I’ve been having bizarre dreams lately. Dreams fade quickly, so the only thing I remember is their bizarreness. I did manage to hold onto one dream, though.
I’m on a spaceship, about to enter into peace negotiations. I’m not the captain or anything; I have the distinct feeling that I’m an outsider, some type of rookie. In fact, I’m someone from the past (frozen, a long time ago).
I start to think about what I’m going to say and realize how unprepared I am. One needs to be thoroughly prepared for events like these. But now that I’m in this situation, now that I have been given the chance, I cannot back down. I will enter the negotiations with the mindset that I will bring peace; I am confident.

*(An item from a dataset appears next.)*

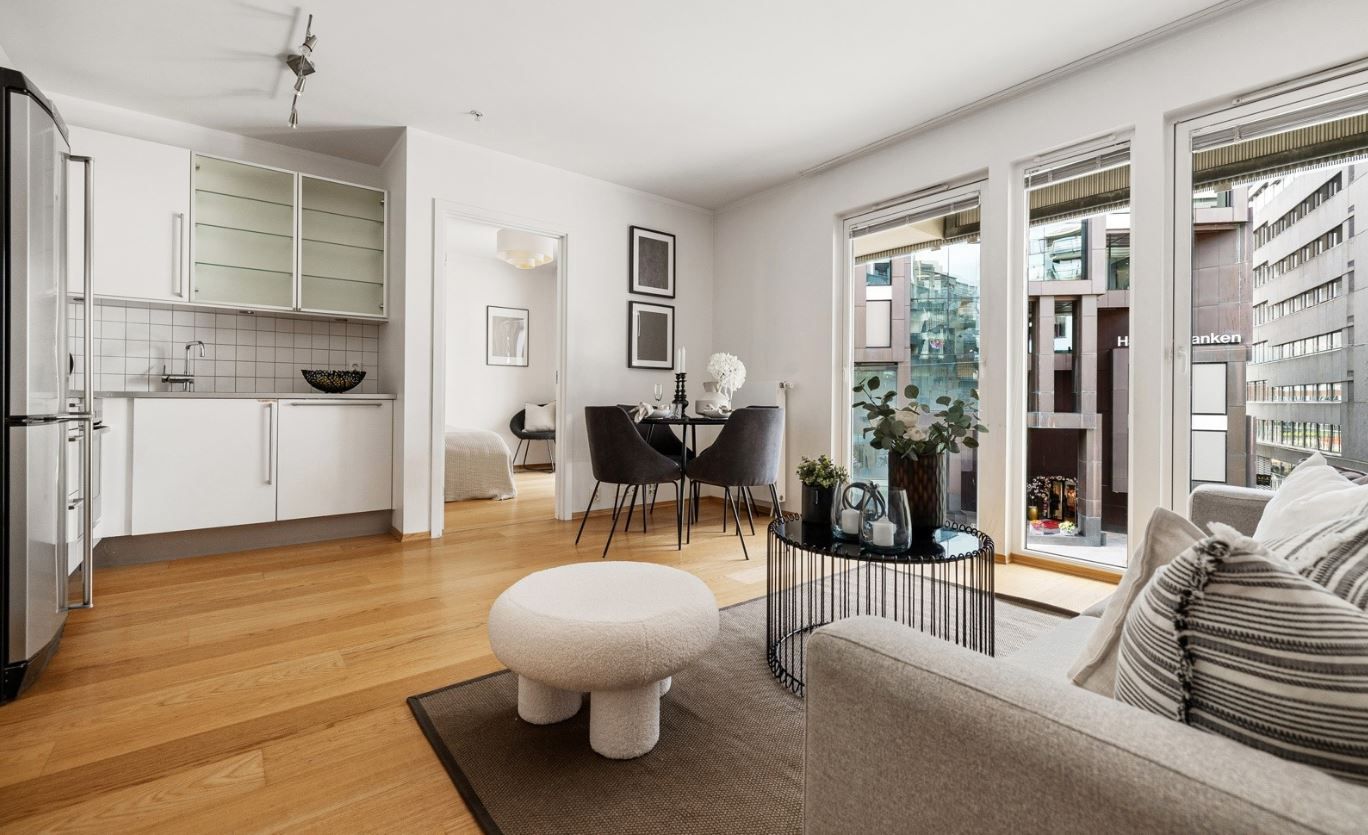 Leiligeheten leies ut umøblert. Evnt møblering etter nærmere avtale.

As soon as the enemy spaceships arrive, one of our men begins firing. “Cease fire, cease fire, damn it!” I shout. As I shout it, it sounds ridiculous, like I’m some salty guy from a cheesy movie. The guy stops, but it’s too late. The enemy ships disappear and suddenly reappear (hyperspace jump?) on our flank, firing away. Luckily, it is not a long engagement and we survive the surprise maneuver.
Later on, I’m angrily saying to someone that I would’ve brought peace if it hadn’t been messed up. On one level, I know it’s bluster. I want others to believe in me. But on the other hand, it’s not as if there was a 0% chance I would’ve been successful.
I wonder how the negotiations would’ve gone. Bluster, force of will — these are no substitutes for preparation.
And there we go, I understand the dream now.